Yeah. Not a geek. But I know I need to catch up with the rest of the 21st century, so I am trying, even if I’m ridiculously slow to adopt, which brings me to the subject of today’s post, my recent introduction to the Search and Refine feature in Word as an editing tool.

All right, all of you out there laughing at how backwards I am: off with you! I’m speaking to my people now, those who still fight the persistent fear that they can make their laptops explode just by pressing Ctrl + Alt + Delete one too many times. (You can’t, by the way. I checked it out.)

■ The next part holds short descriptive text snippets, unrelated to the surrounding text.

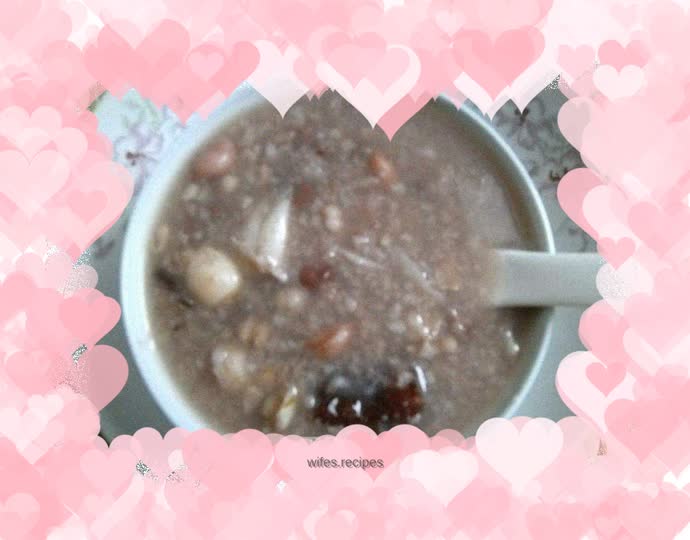Red bean and whole grain health porridge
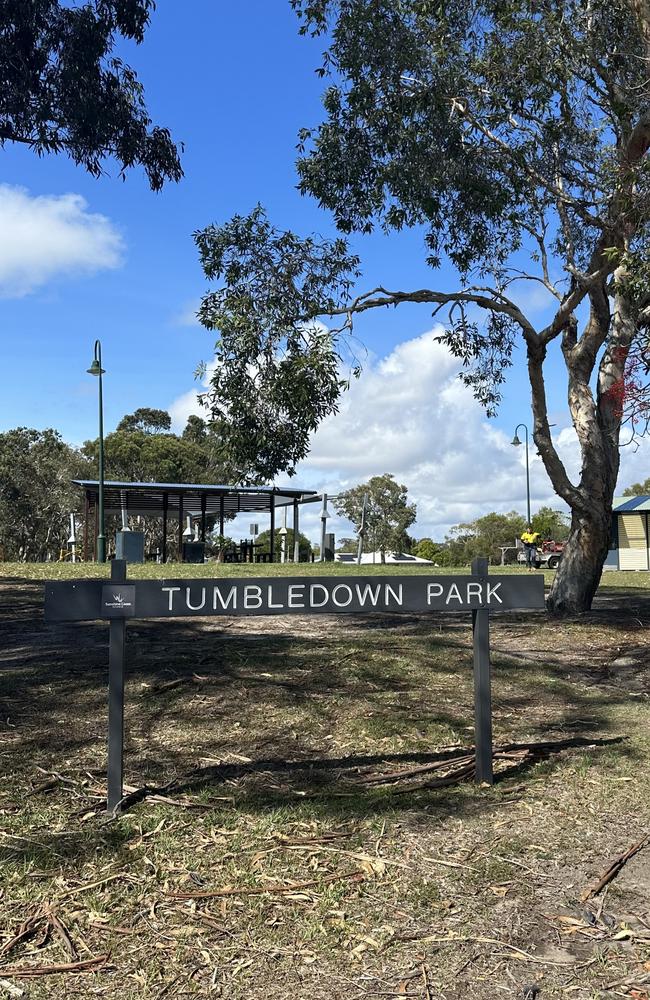 Tumbledown Park on Bellara Dr in Currimundi is the scene of an alleged attack last night that left a teenage boy with serious injuries.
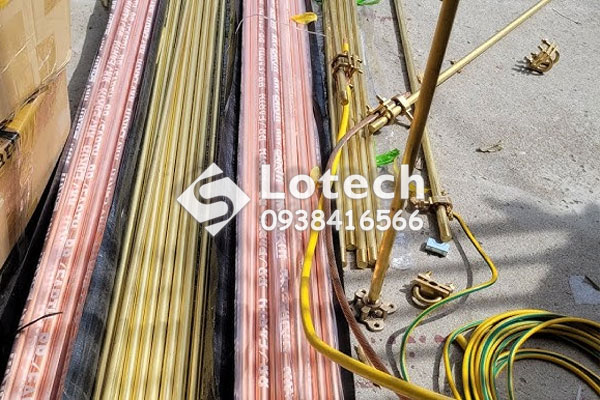 Lotech cung cấp vật tư điện trung thế - Phụ kiện tiếp địa, đấu nôi, cáp điện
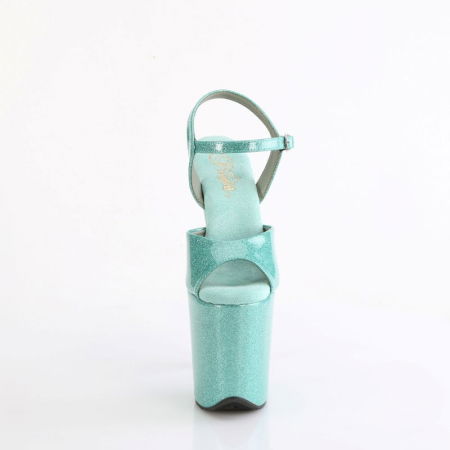 Sandale cu toc de 20 cm pentru pole dance Flamingo 809 GP Aqua [2]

As you may remember from my last post, I recently started working with an editor, hereafter referred to as “C.” Just like “Q.” and “M.” in the Bond movies, she’s fun to work with but she uses fewer pyrotechnics. C. is helping me prepare my manuscript for publication this year. When I first met with her last spring, she recommended I read the book Write in Style, by Bobbie Christmas. I gamely purchased a copy, read the subtitle, “Using Your Word Processor and Other Techniques to Improve Your Writing,” and promptly buried the book under a stack of files on my desk. Word processor. Harumph.

The book remained buried until I sent C. my first 5 chapters. She inquired if I had used the Search and Replace feature on my manuscript yet, (referred to in said book). Of course I hadn’t; that would’ve involved learning what those other buttons on “the ribbon” do. [Who names these things, anyway?]

C., who probably had me pegged from the start as a techno-resistant arse, appealed to my practical side instead. She suggested that if I used that technique before having her make her first editing pass, it would save me money, since I wouldn’t be paying her to make all those refinements. Moved by her gesture of self-sacrifice, I plugged my nose and decided to give it a shot.

C. provided me with a list of overly used words that she regularly sees in her work, and I set out to search the first 5 chapters of my manuscript for those awful offenders. I was skeptical (after all, my work is perfect as is), but as I searched, and discovered, offender after offender, my attitude soon changed.

I found instance after instance of those pesky little words—words like “only,” “just,” and, the mother of all offenders with 224 appearances, “so.” In all fairness to me, however, the search did turn up “so” not only when it stood alone, but also when it appeared within other words and expressions, like “masochist,” “sophist,” and “son of a b—.”

My reactions as I searched and replaced veered from “Holy cow, what was I thinking when I wrote that?” to “What was I drinking then?” and, on at least one occasion, “Clearly, I wasn’t drinking enough!”

When I finally finished the process (and keep in mind, this was just the first 5 chapters), I was broken, a shell of my smug former self—and a true convert. When I read back over those 5 chapters, the difference shocked me. It wasn’t just better; it was radically, drastically better, and I felt like an idiot for not having used the feature sooner.

Thank you, Peanut Gallery, for not providing confirmation.

My point to all of this?  I have learned that technology is not the enemy.

Wait. No, I still kind of think that.

How about…the enemy and I have called a truce? My fellow techno-resistant lambs, if you don’t yet use the Search and Refine feature in your writing and editing, it’s a superb tool for showing you where every little weakness in your work is hiding. It can’t fix them for you, you still have to put in that work yourself, but it pinpoints them in a fast, easy way that makes the revision process so efficient, you wonder (as with most technology), how you survived before you discovered it.

So thanks, C., for the suggestion—I’m setting off on my next Search and Refine mission now with the next 5 chapters, and feeling like a Lean, Mean, Writing Machine.

Oh, wait—you’re right, I did gain some weight over the holiday. Guess I’ll have to settle for Mean Writing Machine now instead.